En pocos años, un algoritmo ha suplantado al esfuerzo que requería decidir según qué baremo decidimos si algo es o no interesante. Esa inteligente máquina de reunir y amasar datos que es Netflix convierte, si no en oro, al menos en estatuilla dorada temporal todo aquello sobre lo que sopla. Y no porque sea un Midas irresponsable; a veces su dedo se posa sobre historias que realmente merecerían más entusiasmo y difusión, aunque ni siquiera la agenda de Netflix las haga saltar a la fama.

La adaptación de la serie de cómics de Luke Pearson es uno de los proyectos animados de Netflix más sorprendentes a medio plazo, pero Hilda aún no es tan conocida fuera de los círculos de lectores asiduos al tebeo y del mercado anglosajón. ¿Se debe esto a que Hilda es una niña? ¿A que el ritmo de publicación de cada tomo es demasiado lento en comparación con la estrategia de Netflix de difundir todos los episodios en un mismo día? ¿O es cosa de esa tierra de nadie en la que se ubica la vida de Hilda, un espacio absorbente adonde va a parar de todo: los conflictos familiares, las criaturas fantásticas y los calcetines desparejados?
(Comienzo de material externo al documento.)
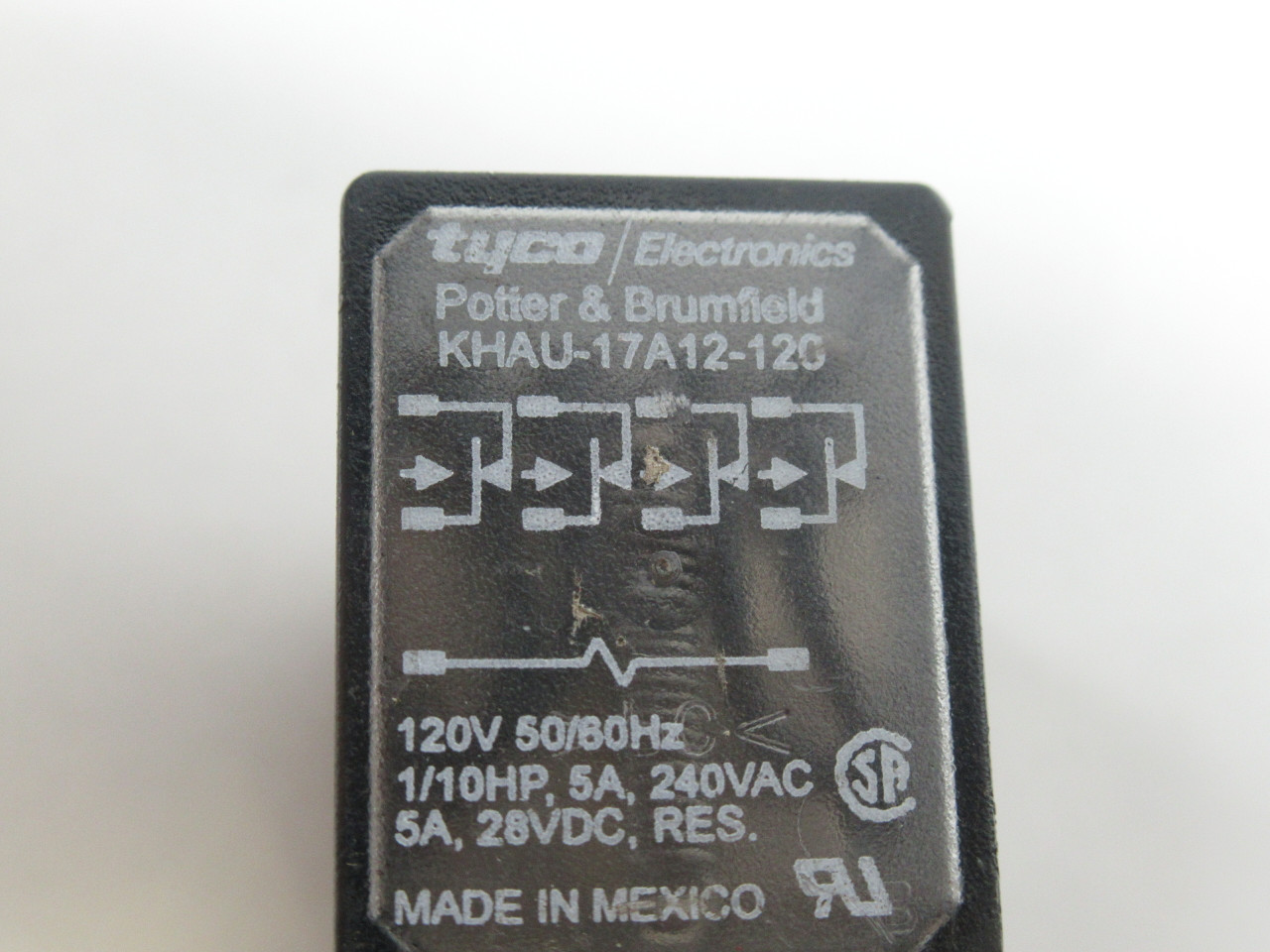 Potter & Brumfield KHAU-17A12-120 Relay 120V 50/60Hz Coil 5A USED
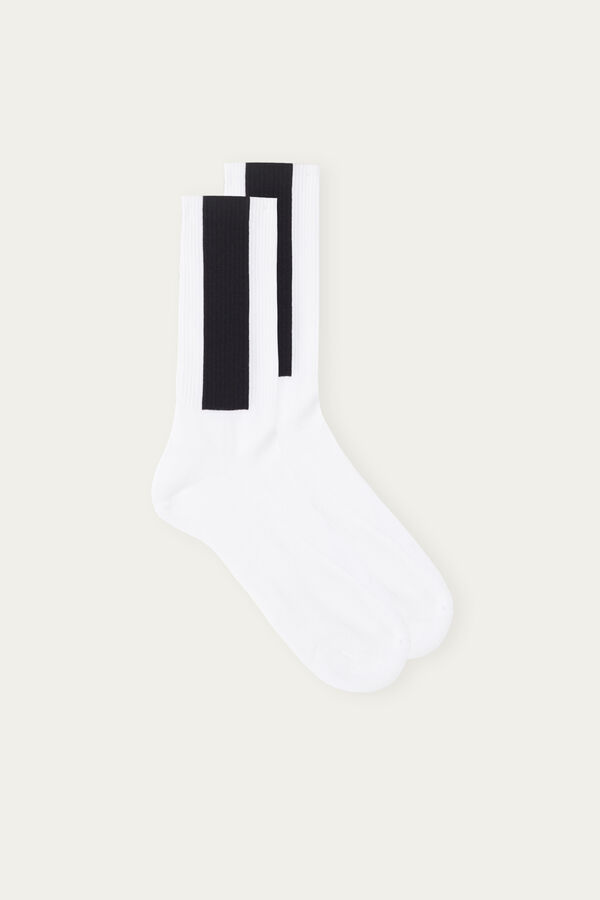 Terry Cotton Socks with Side Bands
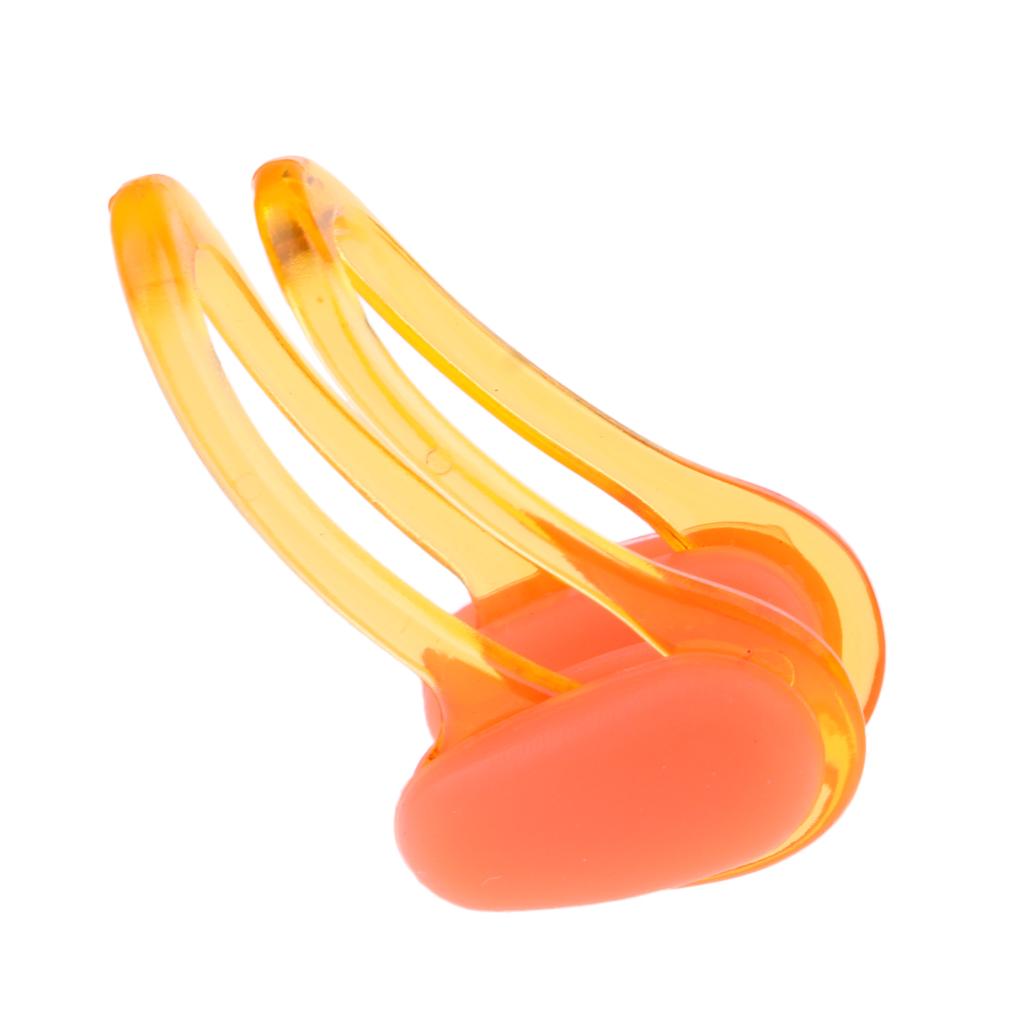 7xMen Women Soft Silicone Swim Swimming Nose Clip with Storage Case Orange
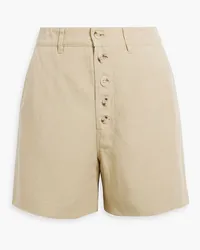 Onia Linen and Lyocell-blend shorts - Neutral Neutral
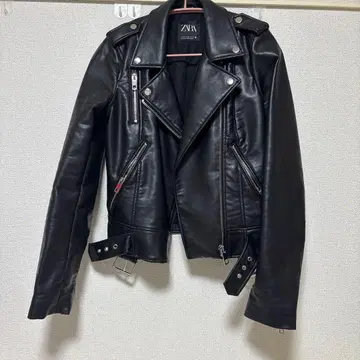ZARA 인조 가죽 라이더 자켓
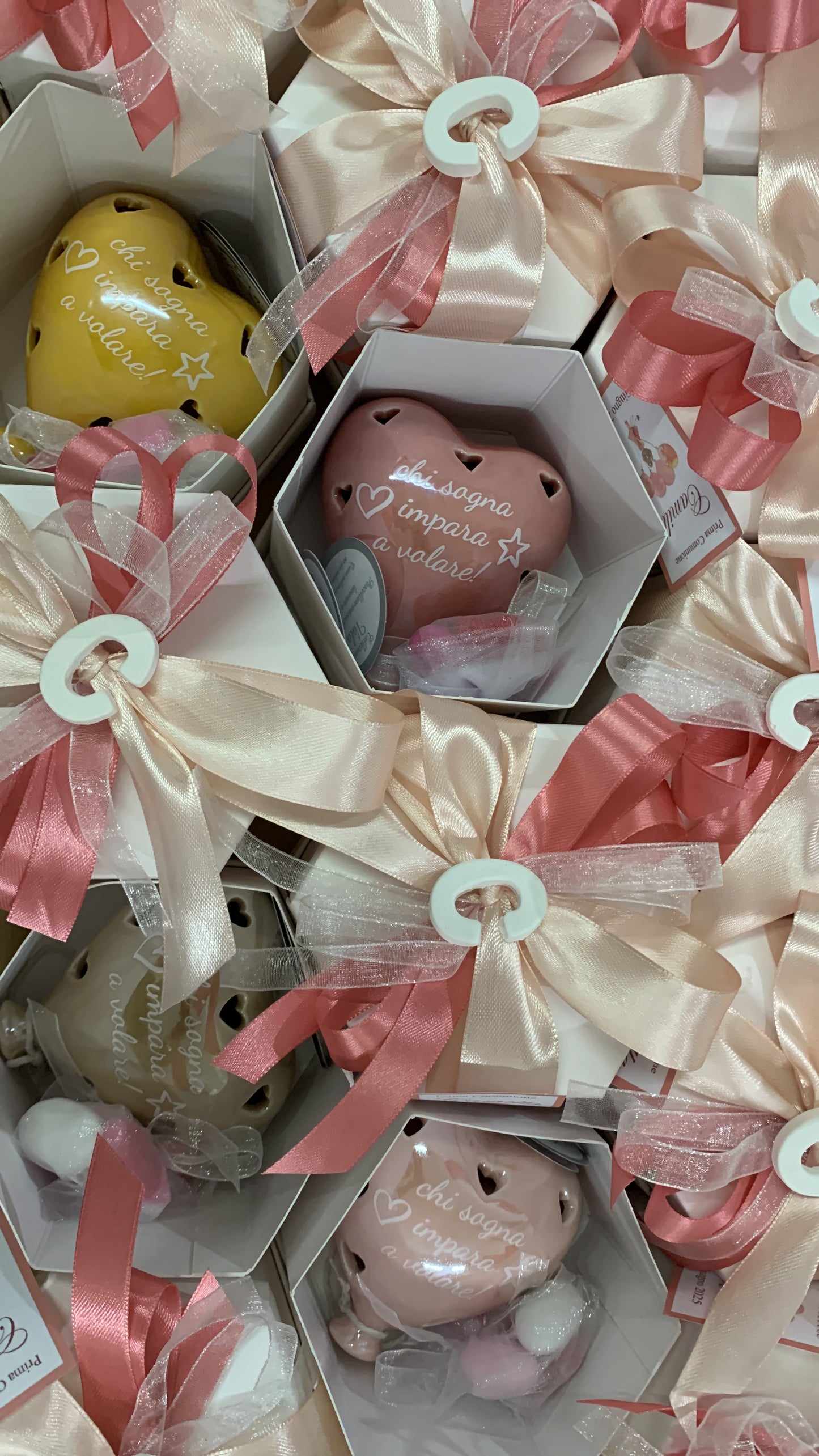 Palloncino cuore led con frase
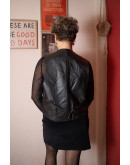 Vintage leather vest L-XL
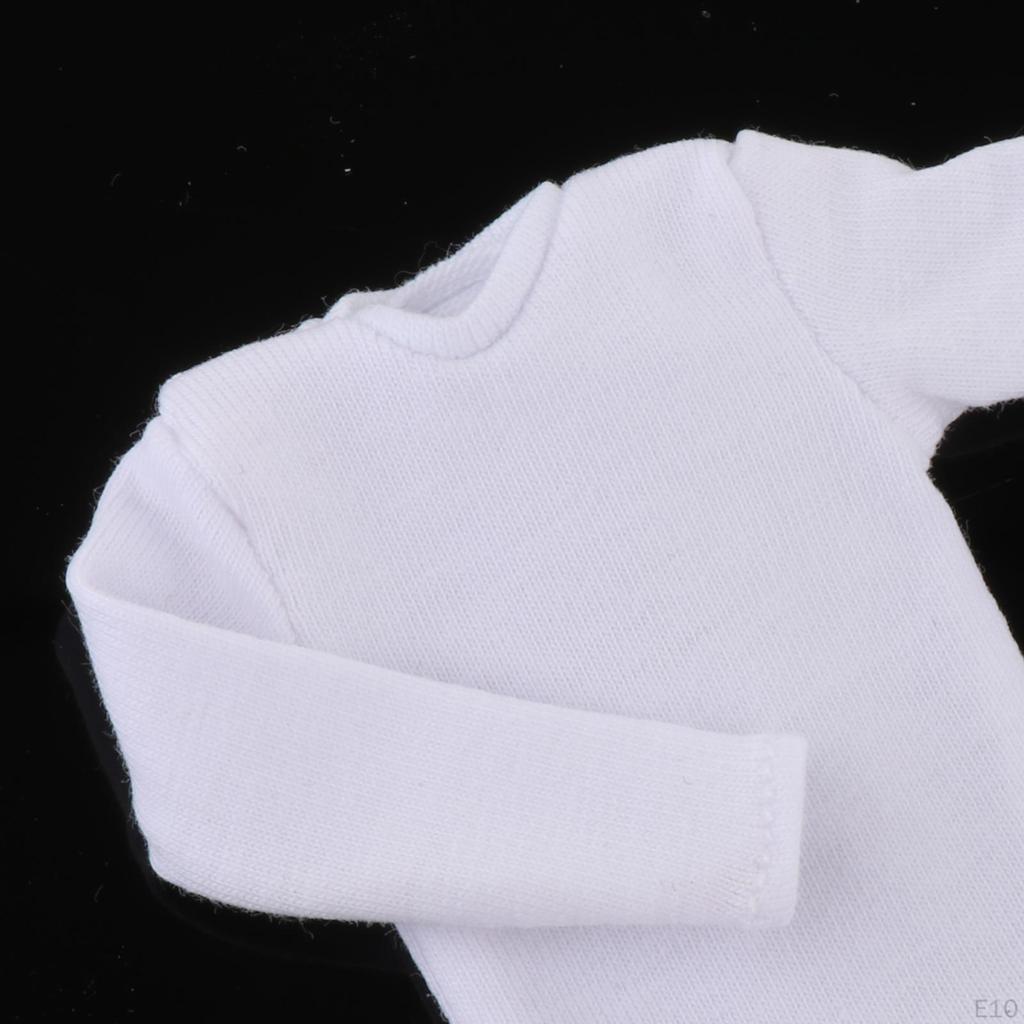 1/12 Male Long Sleeve T-Shirt Clothes for 6 Inch Doll Model Accessories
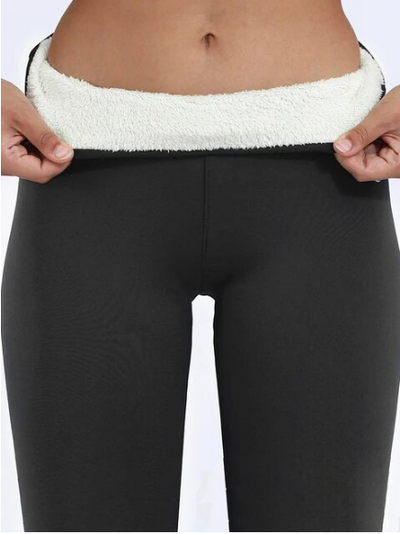 LuxeFit | Velvet Winter Legging made of lambswool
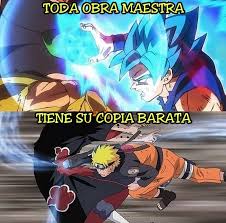 Choose your favorite character from goku, vegeta, naruto, sasuke and fight in this fantastic fighting game, then find your answer! Toda Obra Maestra Tiene Su Copia Barata Dragon Ball Vs Naruto Every Masterpiece Has Its Cheap Copy Know Your Meme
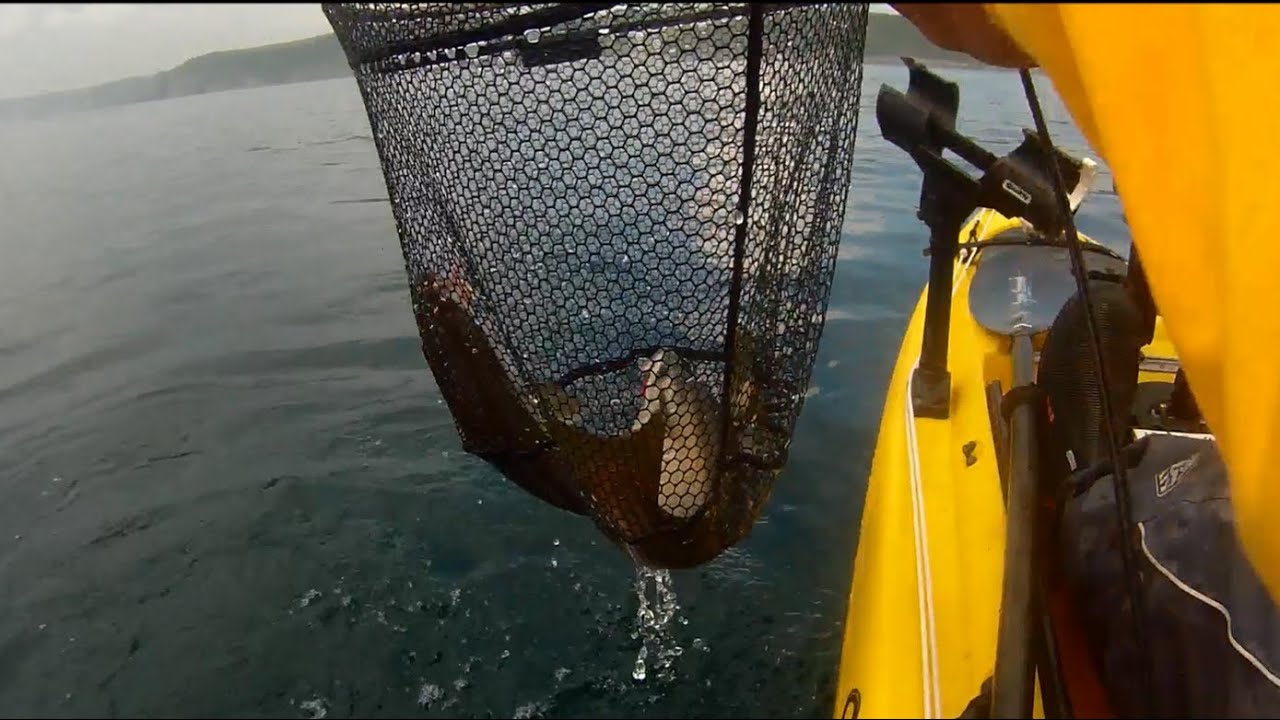 Kayak Fishing - Inshore Reef Fishing for Pollack
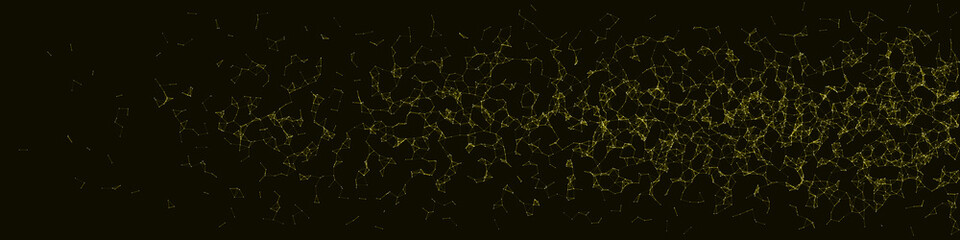 Network Mesh Procedural Art background illustration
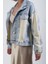 Mavi Bej Garnili Denim Ceket 2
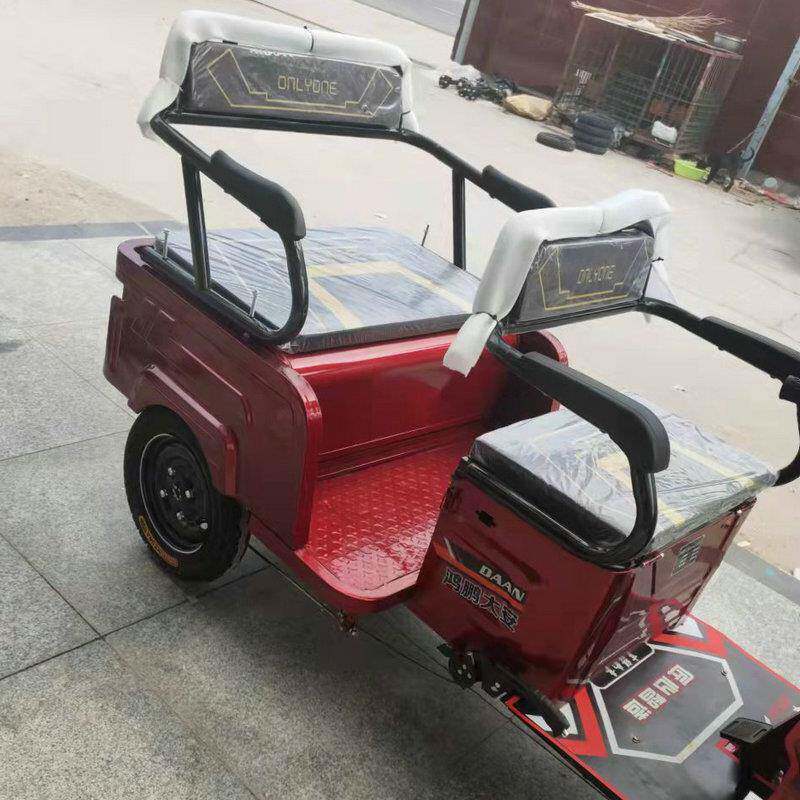 厂家拉货货车成人电动三轮车家用老年休闲小型折叠电动车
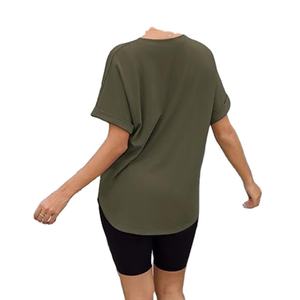 T-shirts en coton écologique de haute qualité pour les femmes Bow Collar Slim Fit Direct Factory Wholesale du Bangladesh pour l'été - Product Image 2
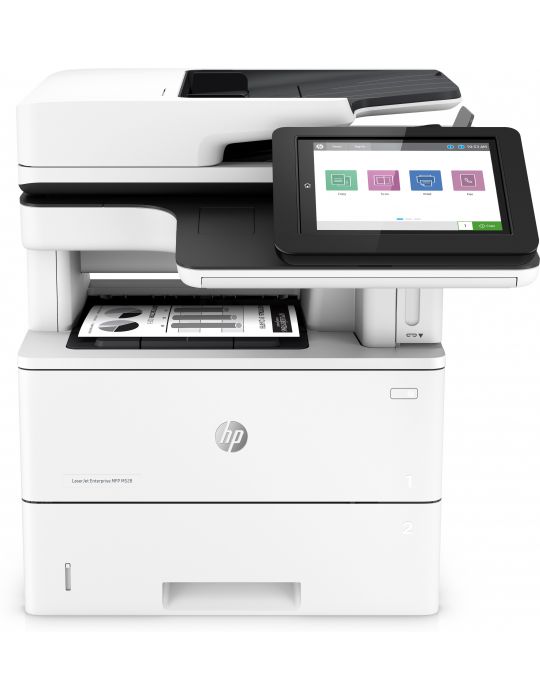 HP LaserJet Enterprise MFP M528f, Imprimare,copiere,scanare,fax, Imprimare prin port USB frontal scanare către e-mail imprimare 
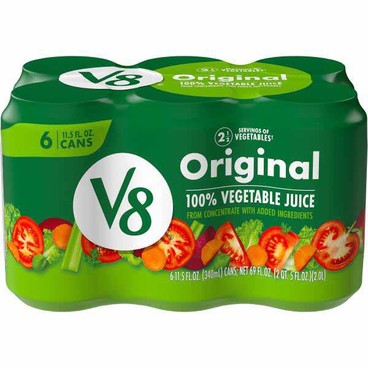 V8 Beverage or JuiceBuy 1 Get 1 FREEFree item of equal or lesser price.
4 to 8-pk. 5.5 to 12-oz pkg.; or Campbell's 100% Tomato Juice, 6-pk. 5.5-oz can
Al margen del crecimiento lento pero potente de Hilda en la escena del cómic infantil, sin lugar a dudas su lenguaje lo pone fácil a cualquier adaptación audiovisual, pues Pearson se vale de una ruptura continua de las viñetas para dirigirse adonde necesite la acción. Túneles mágicos, discusiones, narraciones silenciosas con cambios de luz y saltos de perspectiva compiten en este mundo donde conviven lo más diminuto y lo gigante, como personas del tamaño de meñiques y montañosos trols, aunque la medida de referencia siga siendo humana. Hilda y su madre son el epicentro de una serie de aventuras en las que, en realidad, lo extraordinario forma parte del paisaje y su irrupción en el día a día no es tanto un impacto como un incordio frente a lo corriente, como un viernes con planes de helado y juegos de mesa. Al igual que en las películas de Studio Ghibli y los libros de Roald Dahl o Diana Wynne Jones, las criaturas más raras pueden ser invitadas a la mesa tranquilamente y las niñas son decididas, brutas, bocazas, cariñosas y valientes, porque en el mundo de Pearson nada de eso es un apunte especial, sino la norma.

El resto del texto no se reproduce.